Analogi pengayaan kembali oleh tumbuhan.
Tumbuhan yang telah mengalami masa penuaan (senessence) bukannya tidak berpartisipasi lagi dalam mengkonversi energi. Tanaman
yang menggugurkan daunnya sebenarnya telah merubah semua energi yang
ada dalam daun untuk disalurkan pada bagian lain dari tumbuhan itu agar
tetap bertahan. Ketika
pengguguran terjadi daun yang tersisa berat keringnya akan melepaskan
energinya kepada lingkungan setelah diurai oleh mikroba dalam tanah yang
dinamakan proses dekomposisi.
Limbah tidak
dihasilkan dalam segala proses fotosintesis terkecuali Air melalui
transpirasi, CO2 dalam Respirasi dan O2 dalam Fotosintesis. Namun
itupun dipakai kembali sebagai hal yang siklik dalam reaksi antara
lingkungan eksternal dan tubuh internal tumbuhan itu sendiri.

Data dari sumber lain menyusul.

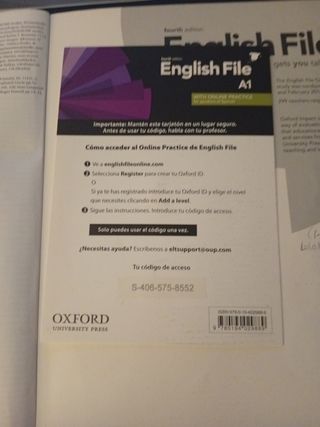 English File A1 Beginner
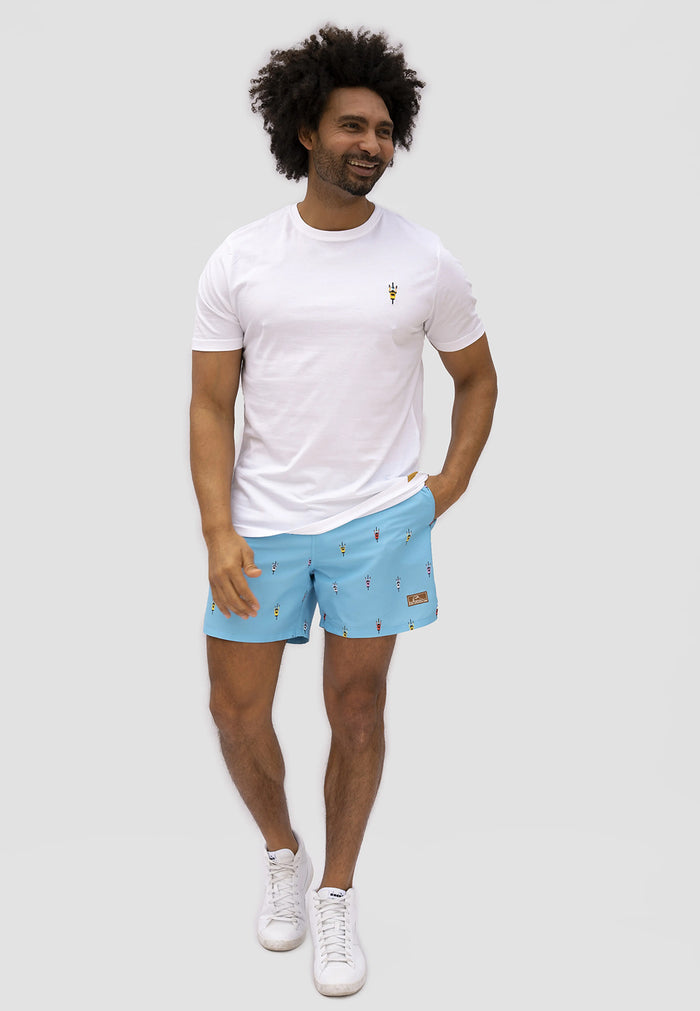 Cyclists Father & Son Swim Trunks
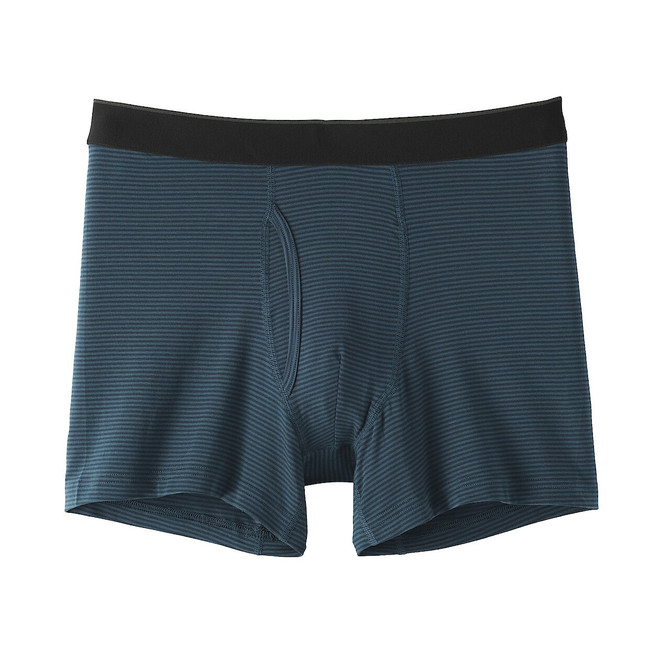 Blu Scuro A Righe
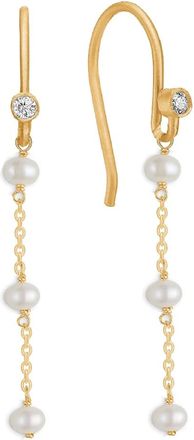 Frk. Lisberg Accessoires, Dames, Geel, ONE Size, Oorbellen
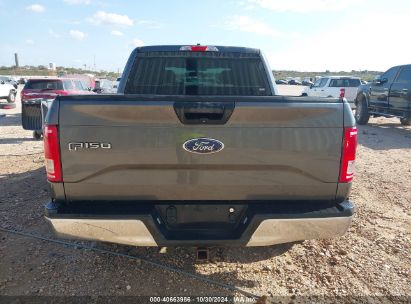 Lot #3035085513 2016 FORD F-150 XL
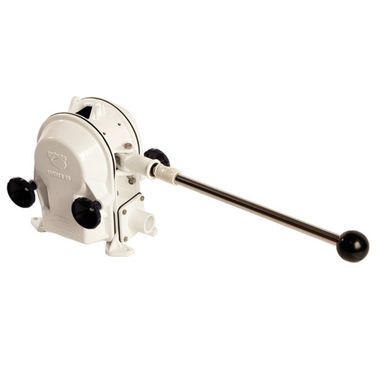 Whale Gusher 30 - Skottmontering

Negara seharusnya melakukan pengayaan energi hingga nilai entalphinya sudah tidak dapat lagi diambil. Bersamaan
dengan itu limbah yang dihasilkan ditekan seminimal mungkin sesuai
dengan perkembangan teknologi pengayaan yang berkembang paling mutakhir.
Banyak hal yang dapat
dilakukan untuk mengkonversi energi pada semua level, baik itu level
rumah tangga, level komunitas, level kabupaten, level propinsi bahkan
level negara. Kreatifitas
pemanenan energi yang disimpan dalam bentuk cadangan akan lebih efisien
jika dilakukan pada tingkat rumah tangga dan disimpan berdasarkan
regulasi negara. Diperjual belikan sebagai penghargaan kepada pemanen
dapat menjadi penghasilan tambahan bagi rumah tangga.
Akhir kata muncul
sebuah pertanyaan sekaligus jawaban dalam benak penulis: “ apa yang akan
diwariskan untuk anak cucu kelak?”. Jawabnya tentulah lingkungan yang berkualitas.